Évaluez ce que la personne connaît et peut appliquer
Expliquez l’acquisition et l’utilisation des connaissances, notamment l’expérience au-delà de la lecture d’instructions. La complexité d’un manuel n’établit pas automatiquement les qualifications du lecteur, et l’absence de rédaction ne les invalide pas automatiquement. La période d’emploi admissible, le lien organisationnel et les activités commerciales demeurent nécessaires même si le récit des connaissances est solide.
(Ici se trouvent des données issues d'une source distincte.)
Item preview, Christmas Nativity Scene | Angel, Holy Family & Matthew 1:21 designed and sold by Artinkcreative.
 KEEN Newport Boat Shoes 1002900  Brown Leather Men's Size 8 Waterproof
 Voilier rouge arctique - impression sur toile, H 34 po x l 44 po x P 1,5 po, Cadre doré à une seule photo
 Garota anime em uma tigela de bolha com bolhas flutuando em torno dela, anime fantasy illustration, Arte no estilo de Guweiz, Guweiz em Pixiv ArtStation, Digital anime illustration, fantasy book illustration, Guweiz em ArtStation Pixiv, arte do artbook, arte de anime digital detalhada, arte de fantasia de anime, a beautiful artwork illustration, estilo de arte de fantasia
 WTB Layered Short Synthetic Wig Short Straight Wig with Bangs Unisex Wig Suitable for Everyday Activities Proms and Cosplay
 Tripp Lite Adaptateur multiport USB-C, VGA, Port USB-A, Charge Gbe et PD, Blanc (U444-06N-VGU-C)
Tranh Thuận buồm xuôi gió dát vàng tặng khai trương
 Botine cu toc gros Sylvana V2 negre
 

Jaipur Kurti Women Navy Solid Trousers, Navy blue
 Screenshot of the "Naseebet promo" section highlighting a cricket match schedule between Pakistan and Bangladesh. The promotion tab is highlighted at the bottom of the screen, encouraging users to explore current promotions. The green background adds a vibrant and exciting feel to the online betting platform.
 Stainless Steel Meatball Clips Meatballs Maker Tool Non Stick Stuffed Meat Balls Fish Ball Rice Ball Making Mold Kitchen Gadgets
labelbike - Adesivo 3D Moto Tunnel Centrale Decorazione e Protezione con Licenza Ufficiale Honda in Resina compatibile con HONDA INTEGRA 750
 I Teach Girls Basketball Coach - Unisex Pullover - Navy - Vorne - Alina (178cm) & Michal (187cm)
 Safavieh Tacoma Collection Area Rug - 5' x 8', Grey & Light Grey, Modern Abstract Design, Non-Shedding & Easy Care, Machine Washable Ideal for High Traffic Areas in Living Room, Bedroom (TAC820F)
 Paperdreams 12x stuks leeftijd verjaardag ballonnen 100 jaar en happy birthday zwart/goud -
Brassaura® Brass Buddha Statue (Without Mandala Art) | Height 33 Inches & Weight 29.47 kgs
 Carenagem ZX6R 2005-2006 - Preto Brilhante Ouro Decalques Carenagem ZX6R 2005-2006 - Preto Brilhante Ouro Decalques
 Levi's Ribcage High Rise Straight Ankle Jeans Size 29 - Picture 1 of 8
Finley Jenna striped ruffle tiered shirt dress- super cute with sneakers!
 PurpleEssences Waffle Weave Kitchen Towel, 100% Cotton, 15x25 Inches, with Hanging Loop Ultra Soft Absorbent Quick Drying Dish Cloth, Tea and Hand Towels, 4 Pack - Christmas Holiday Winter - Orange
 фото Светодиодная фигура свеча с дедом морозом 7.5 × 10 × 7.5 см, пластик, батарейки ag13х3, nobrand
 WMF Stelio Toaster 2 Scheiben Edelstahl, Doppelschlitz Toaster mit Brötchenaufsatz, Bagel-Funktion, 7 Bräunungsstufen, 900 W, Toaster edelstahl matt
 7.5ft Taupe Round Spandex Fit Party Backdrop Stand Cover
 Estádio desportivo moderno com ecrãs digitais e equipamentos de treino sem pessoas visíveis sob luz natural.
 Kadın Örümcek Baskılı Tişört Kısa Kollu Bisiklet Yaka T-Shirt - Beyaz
Le premier examen devrait identifier la condition applicable et le document qui la prouve. Exemple hypothetique : un technicien de centrifugeuses de laboratoire qui applique une séquence d’étalonnage doit décider quel document ou quelle séquence règle réellement la question avant de se fier à un résultat souhaité. Un dossier complet devrait montrer le fait, sa source et ce qui demeure envisagé. La L-1B exige un lien admissible, une année continue d’emploi à l’étranger au cours des trois années précédentes et des connaissances spécialisées liées au mandat. Examinez la preuve dans cet ordre, puis décidez s’il faut poursuivre, obtenir un document manquant ou modifier le plan. Une lettre générale, un paiement privé, un organigramme futur ou une réservation de voyage échoue lorsqu’il est utilisé pour prouver une condition qu’il n’établit pas.
Le résultat de l’examen devrait identifier le prochain document ou la prochaine action et expliquer pourquoi un raccourci non étayé échouerait. Gardez la présentation finale liée aux faits réellement établis, et non à une conclusion espérée.
Consignez cette décision par écrit avant de vous y fier.